The trial contained as much drama as the actual events that led to the trial. A witness for the prosecution went missing but was later found and brought in to court drunk. It was thought he had been enticed away by persons supporting the defense and hidden at a hotel in Duxbury. He spent the night in jail to sober up for his testimony.


A witness for the defense was arrested for perjury. The witness, Robert Hiller, testified that he did not see any feathers in the sand pit other than the feathers the chickens were wearing. Deputy Sheriff Hurley and four other witnesses testified they did see feathers and tar at the site.


To add to the drama Charles and Clara Potter and James McDonald were spotted walking “arm in arm to the Potter house” one night and then arriving in the courtroom together. Charles even identified in court several of the accused as taking part in the tar and feathering.

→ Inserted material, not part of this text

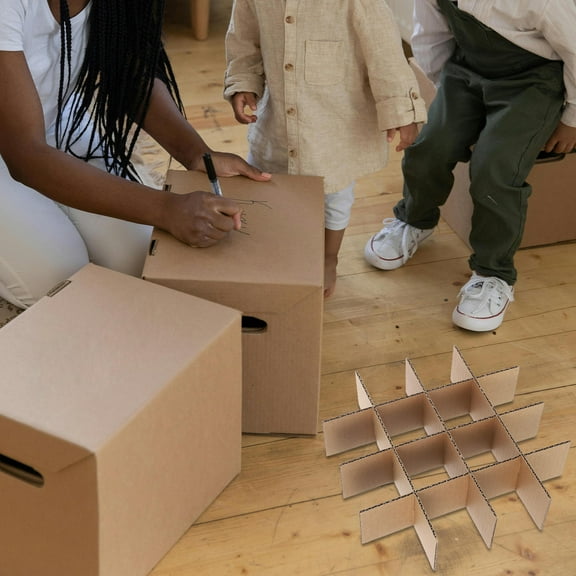 Hemobllo 6-Pack Khaki Cardboard Dividers for Moving Boxes, Storage Organizers, Packaging Separators, and Box Inserts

Man in a dress suit standing in a witness box testifying in court.
Charles H. Potter testifying in court, 1902


On December 1, both the prosecution and defense made their final arguments. At 4:15 in the afternoon the judge instructed the jury on finding the verdict and adjourned until the jury came back with a verdict. Because of the time it took to hear the case and the charges on each man would have to be discussed by the jury separately nearly all of the court officials and spectators of the trial went home. Though the judge and attorney French stayed in Plymouth, the attorney for the defense, John Cummings, traveled back home to Fall River. There was a lot to discuss and no one expected a verdict for each of the men to be announced anytime soon.


However, just before 1:00 in the morning, the judge was summoned out of bed. The jury had reached a verdict. In a nearly empty court room the jury announced that all of the accused were not guilty. The judge ordered all seven men released, thanked the jury and went back to bed.


The drama with the Potters apparently did not end with the trial. In January, Charles Potter was found unconscious on the side of the road, his faced bruised and bloody. It was believed that Potter had been attacked due to his testimony against the accused and siding with McDonald. Potter claimed that while working that day cutting wood, a limb struck him across the face. While walking home later he said he fainted.


Little is known what happened to James McDonald after the trial. He died sometime in 1905 and he is buried at Union Cemetery in Sciuate. His son, James Henry, never spoke of his father out of the shame he brought to the family.


Clara Potter received a letter from Alabama in 1903 filled with racist comments. The letter writer, W. F. Spurlin, described how southerners “hang and burn” black people and warned her she was not safe in her community and invited her to move south which she seemed to consider. But she did not sell the house and she lived there with Charles until they died. The house is no longer there. The property eventually became part of the Old Landing Cemetery where the Potters lie side by side within sight of where they once lived.